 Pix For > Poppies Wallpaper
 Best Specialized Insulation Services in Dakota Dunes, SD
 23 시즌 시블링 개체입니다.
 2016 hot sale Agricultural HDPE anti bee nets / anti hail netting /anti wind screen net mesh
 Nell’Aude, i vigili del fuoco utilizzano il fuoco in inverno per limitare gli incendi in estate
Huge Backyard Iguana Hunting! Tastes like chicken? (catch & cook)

* * *

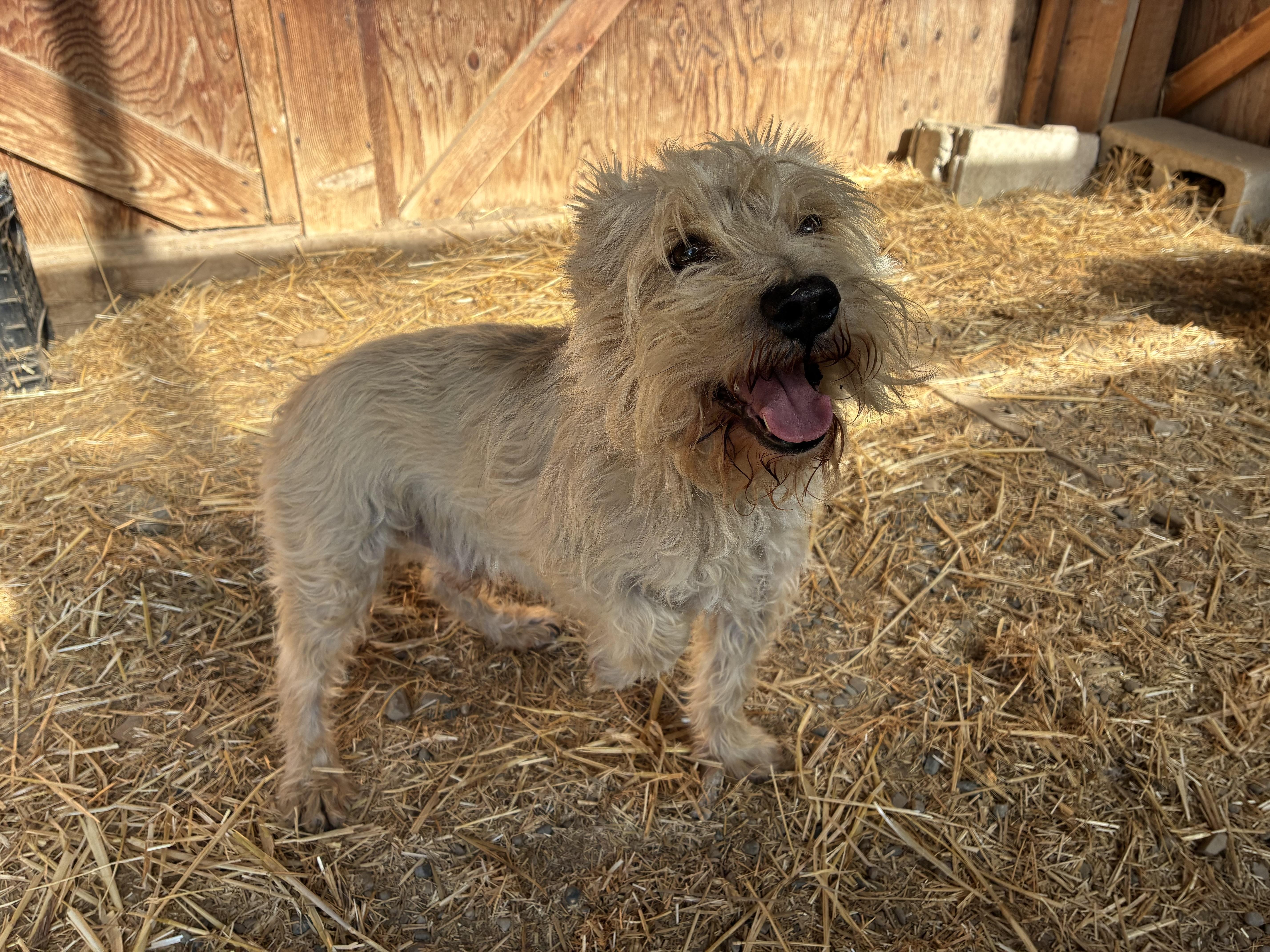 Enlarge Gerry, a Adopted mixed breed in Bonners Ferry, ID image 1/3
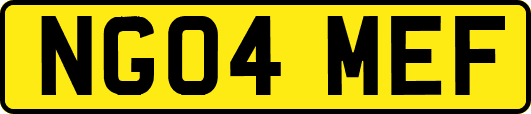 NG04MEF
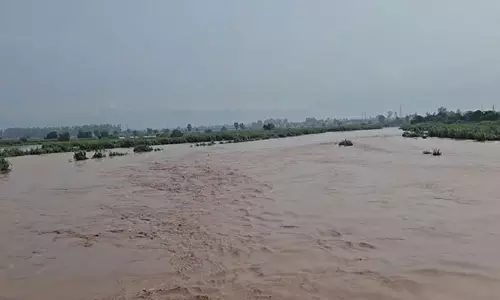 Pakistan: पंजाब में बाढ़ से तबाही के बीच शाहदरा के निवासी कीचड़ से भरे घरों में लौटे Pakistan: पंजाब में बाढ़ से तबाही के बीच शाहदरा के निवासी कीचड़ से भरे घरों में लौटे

--

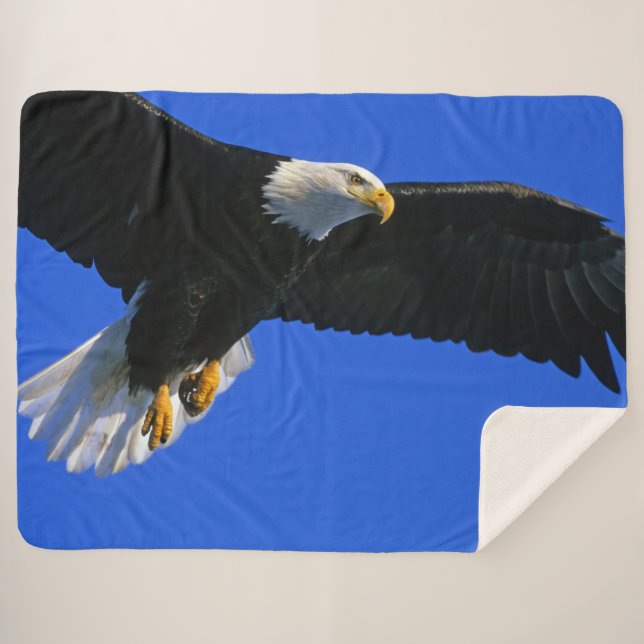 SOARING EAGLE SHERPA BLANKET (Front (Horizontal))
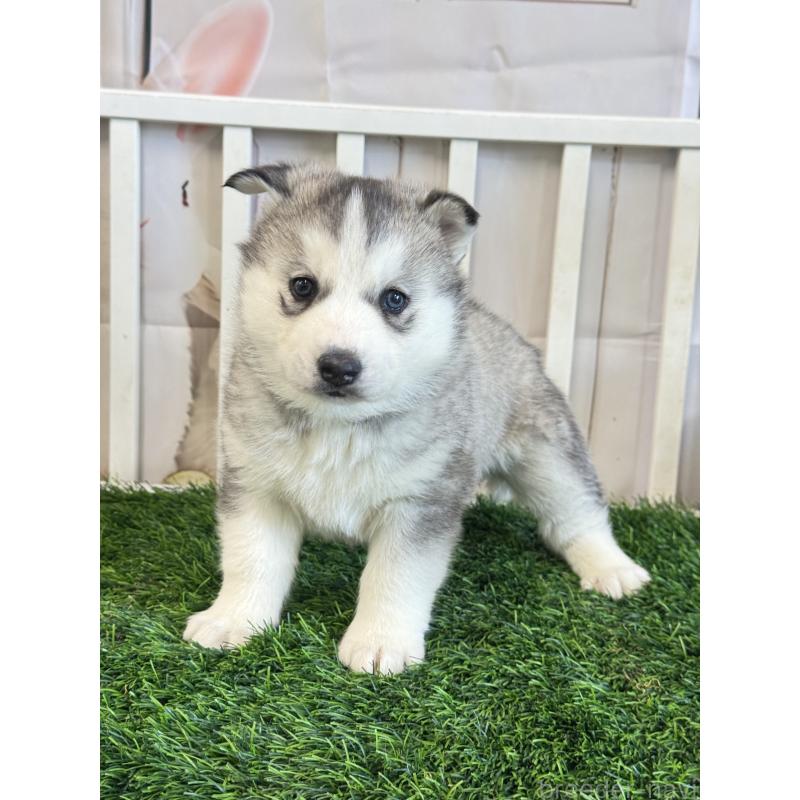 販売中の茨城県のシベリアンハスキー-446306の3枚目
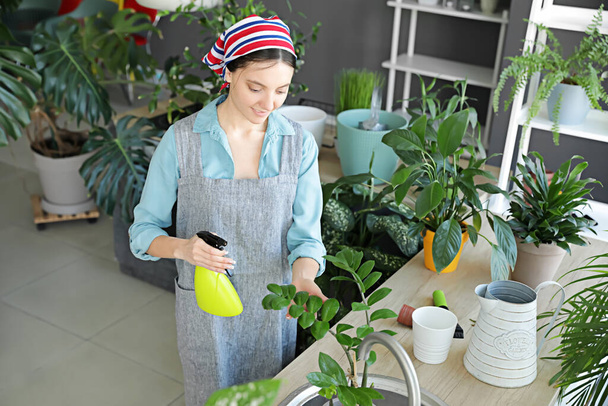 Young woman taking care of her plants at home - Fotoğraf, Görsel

* Task statement *
Please, from the entries above, set down exactly the lines from the one containing "Nell’Aude, i vigili" through the one containing "Huge Backyard Iguana", and only those.

* Response box *
 Nell’Aude, i vigili del fuoco utilizzano il fuoco in inverno per limitare gli incendi in estate
Huge Backyard Iguana Hunting! Tastes like chicken? (catch & cook)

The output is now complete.